Gambar Ilustrasi: Sistem pungutan sejak masa Mesir kuno hingga reformasi pajak kolonial. (ilustrasi/ist)
Pajak bukanlah produk modern: jejaknya tercatat sejak peradaban kuno. Tapi mengapa wacana kenaikan pajak selalu memicu protes? Kita telusuri perjalanan historis dan implikasinya bagi rakyat hari ini.
TerkiniJambi.Com, – Sistem pungutan terhadap rakyat telah ada sejak ribuan tahun lalu—dari Mesir kuno hingga kebijakan kolonial yang memperkenalkan praktik pungutan terstruktur. Meski fungsi pajak untuk pembangunan sahih, kebijakan baru seperti kenaikan tarif sering memicu keresahan publik karena dampaknya terasa langsung pada daya beli rakyat.
1. Firaun: Pencetus bentuk awal pajak
Pada era Mesir kuno, pemerintahan firaun menerapkan pemungutan hasil panen, tekstil, bahkan tenaga kerja sebagai kontribusi kepada negara. Bentuk pungutan ini berfungsi membiayai proyek publik seperti pembangunan kanal, persediaan pangan, dan upaya pertahanan. Jadi, gagasan bahwa negara memungut sebagian produksi rakyat bukanlah hal baru — melainkan praktik yang telah berlangsung sejak peradaban awal.

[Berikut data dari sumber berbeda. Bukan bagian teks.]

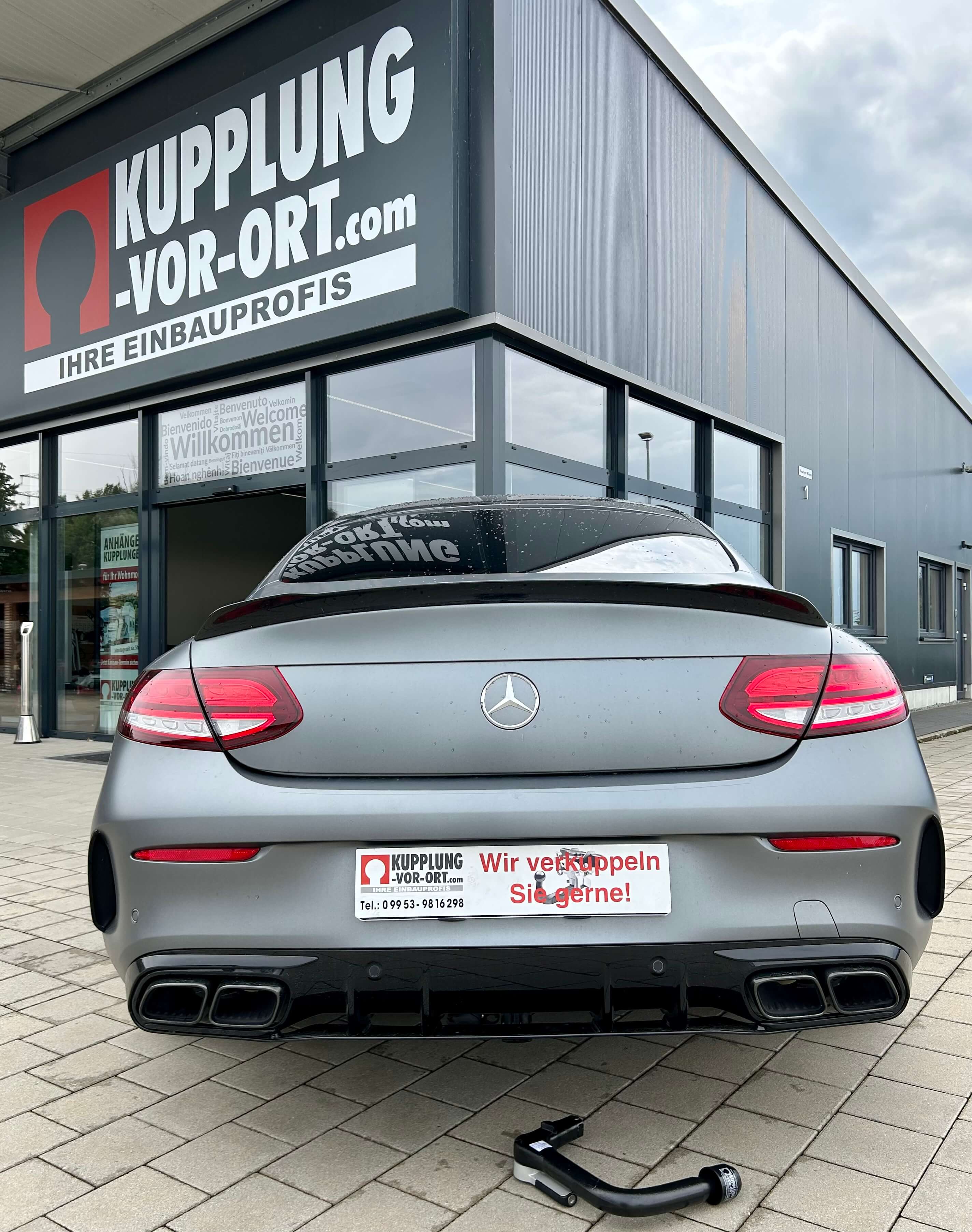 Anhängerkupplung für Mercedes Benz C63s AMG Coupè Typ 205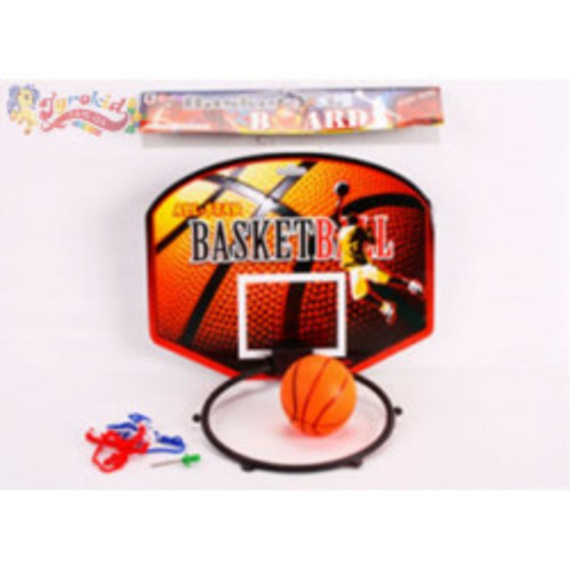 Баскетбольний набір M0067 (240шт / 2) кошик, м'яч, в пак.30 * 28см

“Sistem pungutan dilakukan berdasarkan kapasitas produksi—ladang subur dikenai lebih besar, sedangkan yang kurang subur dibebani lebih ringan.”
2. Raffles dan pajak modern di Nusantara
Ribuan tahun setelah Mesir, reformasi fiskal modern muncul dalam konteks kolonial. Ketika pemerintahan Inggris singkat memegang kendali atas sebagian Hindia Belanda pada awal abad ke-19, gagasan untuk mendirikan sumber pendapatan pemerintahan yang sistematis — termasuk pemungutan pajak — mulai dikodifikasi. Pendekatan ini berbeda dari model monopolisme yang sering dipakai rezim kolonial sebelumnya.
3. Mengapa rakyat “menjerit” ketika pajak naik?
- Dampak langsung ke harga: Kenaikan pajak konsumsi atau PPN membuat harga barang dan jasa melonjak, terasa oleh konsumen sehari-hari.
- Kurangnya kepercayaan: Ketika transparansi belanja publik lemah, publik sulit menerima alasan kenaikan pajak.
- Ketidakmerataan beban: Tanpa mekanisme kompensasi atau bantuan sosial, kelompok berpendapatan rendah paling merasakan beban tambahan.